October 20, 2010 10:29 pm
What’s a little unusual about this scene – not the long exposure (60 secs at f2, ISO 200), the moonlight or the cherub (supplied of course by the photographer) – is the vertical composition. The spire and the height of the trees make the usual horizontal composition here fairly difficult, but they are well adapted to a vertical composition, as seen here in wide angle (24mm in 35mm film terms). Strong vertical elements are usually required for the success of vertical compositions, and this has at least three of them.
A good depth of focus is the main challenge in this type of set-up. For f2, the depth of focus is quite amazing, softening only on the immediate foreground. As the Lumix LX3 was already at its longest shutter speed, the only other way to extend depth of focus was to select a higher ISO (to give f2.8 at ISO 400; f4 at ISP 800, etc), but higher ISOs are marginal with the LX3 – another limiting factor. At least the newest models have much improved ISO capabilities.
There is good colour range in this image and some strong horizontal lines (wires, shadow, church), while the stars and moving cloud in a blue sky complete the picture. A minor challenge was to finish the exposure without car headlights striping the scene, as we were on a country road with reasonable traffic for early evening. A distant headlight to the left of the fencepost adds more “night proof”.

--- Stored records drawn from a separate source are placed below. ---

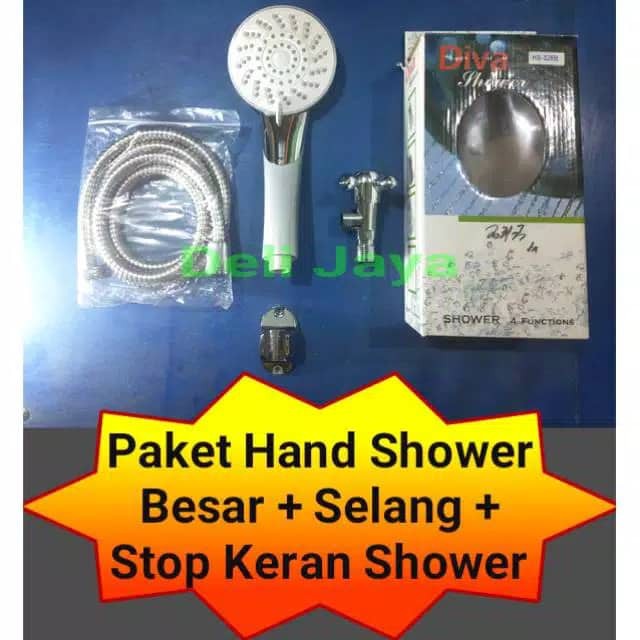 Paket Shower Besar Selang dan stop Kran shower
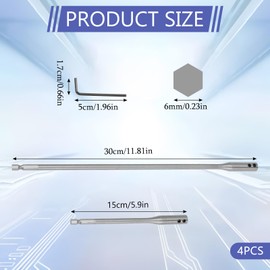 4 Pieces 1/4 Extension Drill Bit Set 6 and 12 Inches Steel Drill Bit Extender Steel Drill Extension with 2 PCS Wrench for Wood Turners Furniture Carpentry and Construction
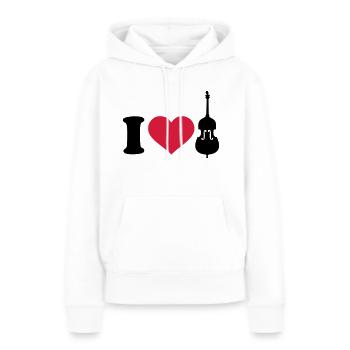 Kontrabass - Frauen Premium Bio Hoodie - Weiß - Vorne - Julia (174cm)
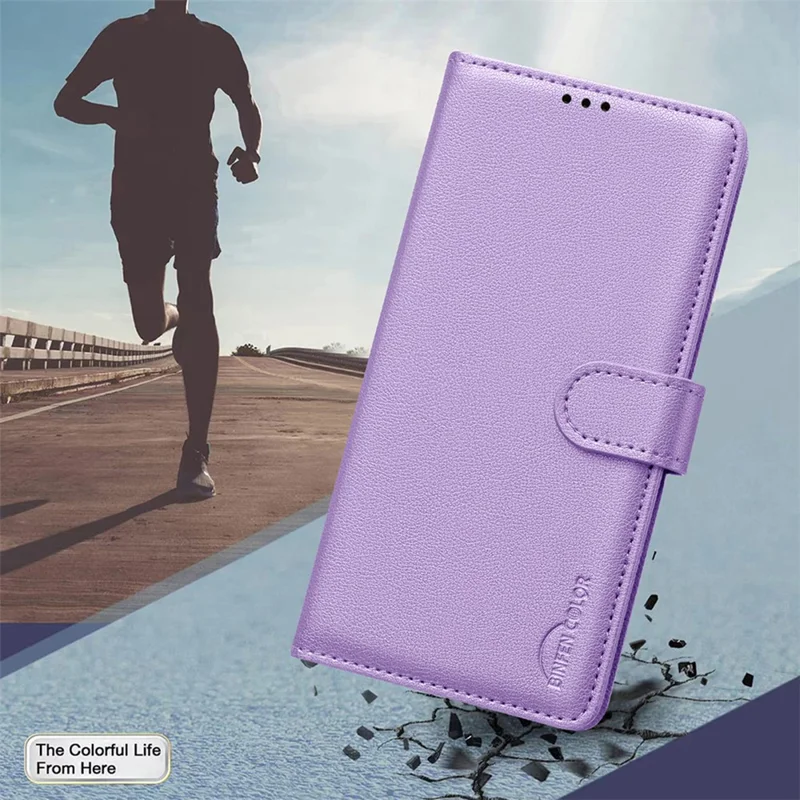 BINFEN COLOR BF32 Phone Case for Google Pixel 9 Pro / Pixel 9 RFID Blocking Leather Phone Stand Cover - Purple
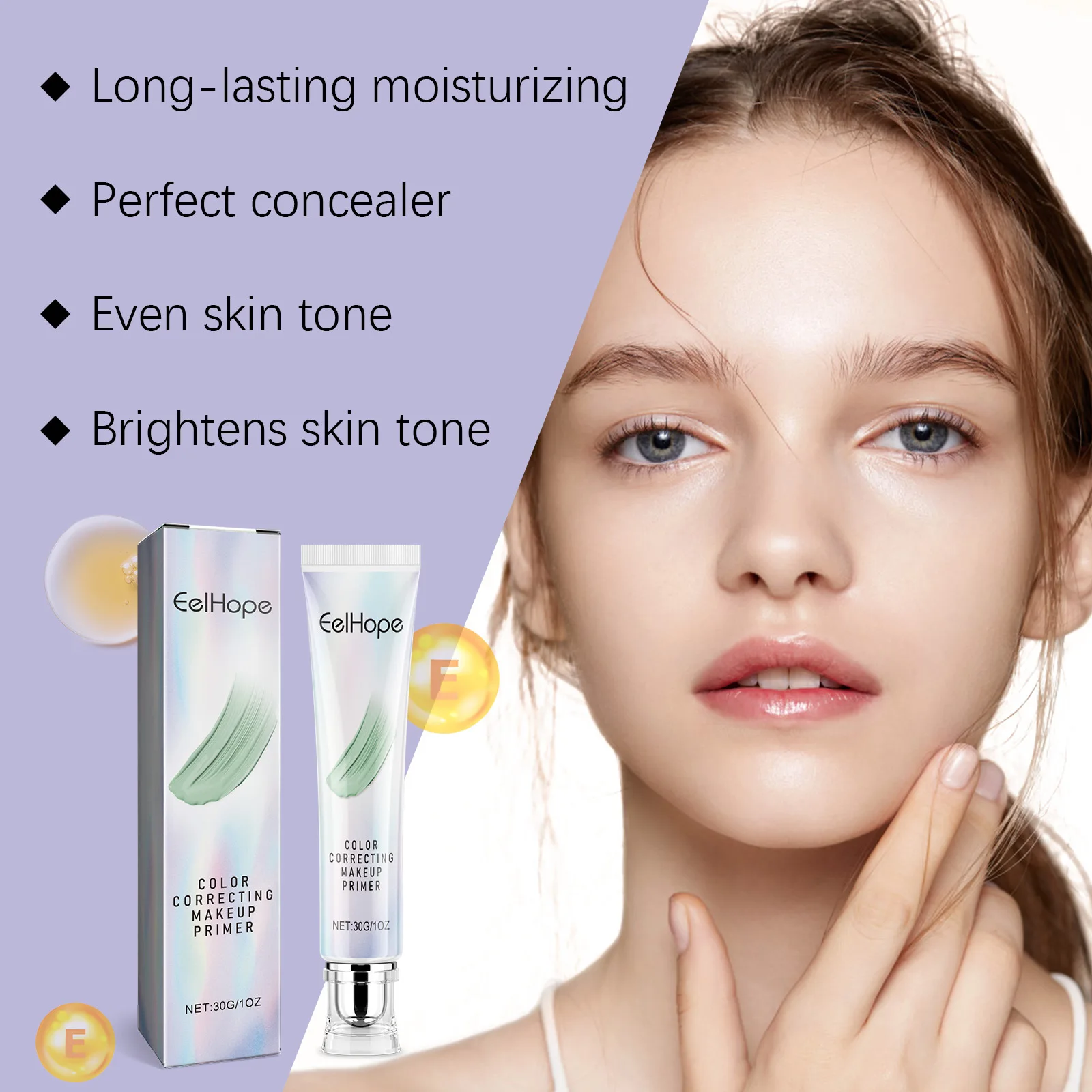 Eelhope Color Correcting Cream Moisturizing Facial Lighten Skin Brightening Pore Minimizer Lightweight Primer Makeup Base 30g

The little angel comes from Bangkok; she has fairy wings of course so scarcely fits the usual Western conception, however her status is clear from her origins – a Catholic supplies shop (for Thai, not Westerners) – and her purpose, which is to adorn a household shrine. I attempted some torch highlights on her in the same place, but was still trying to get the lighting to balance when it clouded over.
Sadly at that point the evening’s photography came to an end.